Records supplied:
◆ ◆ ◆ ◆ ◆
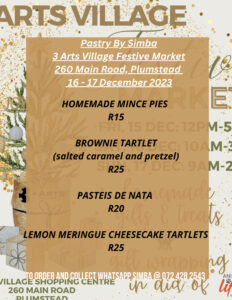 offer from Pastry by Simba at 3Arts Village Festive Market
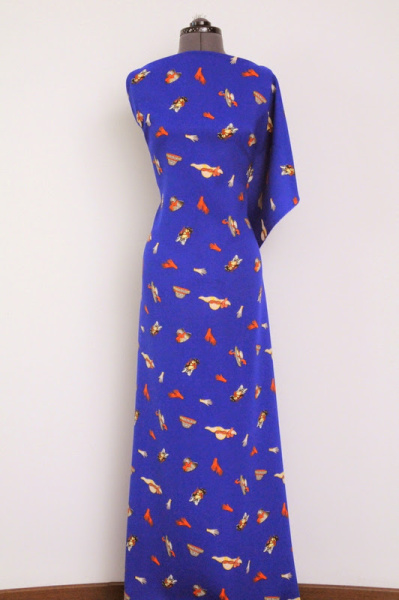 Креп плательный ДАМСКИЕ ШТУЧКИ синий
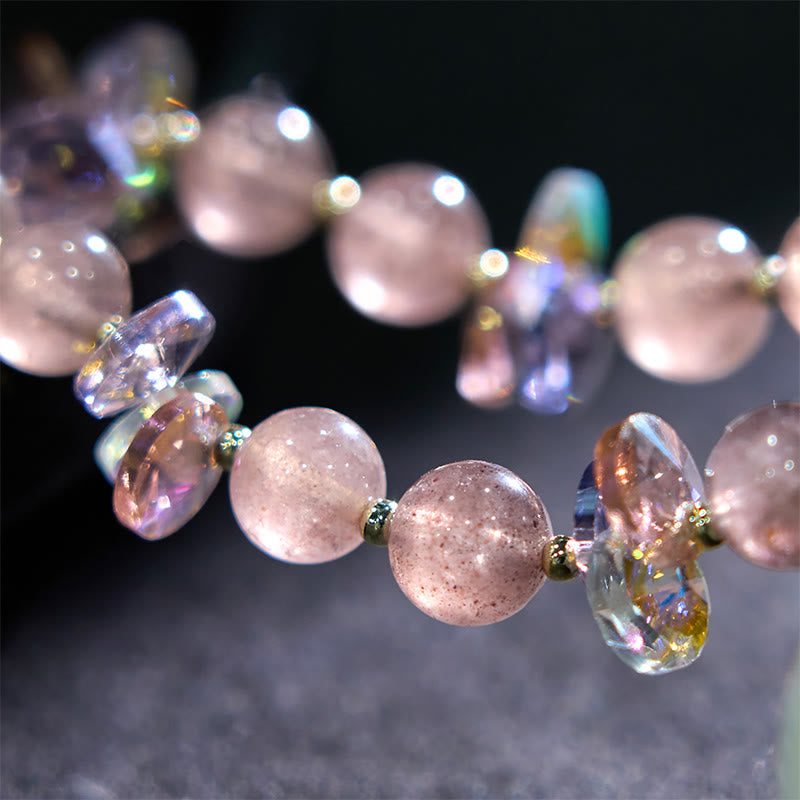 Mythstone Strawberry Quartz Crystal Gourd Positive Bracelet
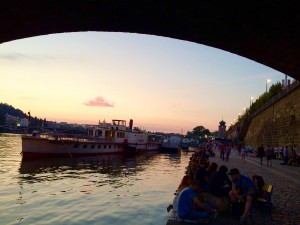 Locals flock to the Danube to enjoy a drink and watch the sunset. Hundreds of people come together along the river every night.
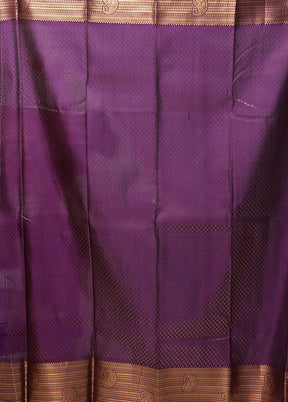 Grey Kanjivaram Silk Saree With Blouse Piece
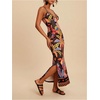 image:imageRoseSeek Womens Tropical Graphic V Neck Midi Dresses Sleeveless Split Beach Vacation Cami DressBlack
◆ ◆ ◆ ◆ ◆
The problem: Repeat the records above verbatim, with no pictures in the result.

Solution to this exercise:
 offer from Pastry by Simba at 3Arts Village Festive Market
 Креп плательный ДАМСКИЕ ШТУЧКИ синий
 Mythstone Strawberry Quartz Crystal Gourd Positive Bracelet
 Locals flock to the Danube to enjoy a drink and watch the sunset. Hundreds of people come together along the river every night.
 Grey Kanjivaram Silk Saree With Blouse Piece
 image:imageRoseSeek Womens Tropical Graphic V Neck Midi Dresses Sleeveless Split Beach Vacation Cami DressBlack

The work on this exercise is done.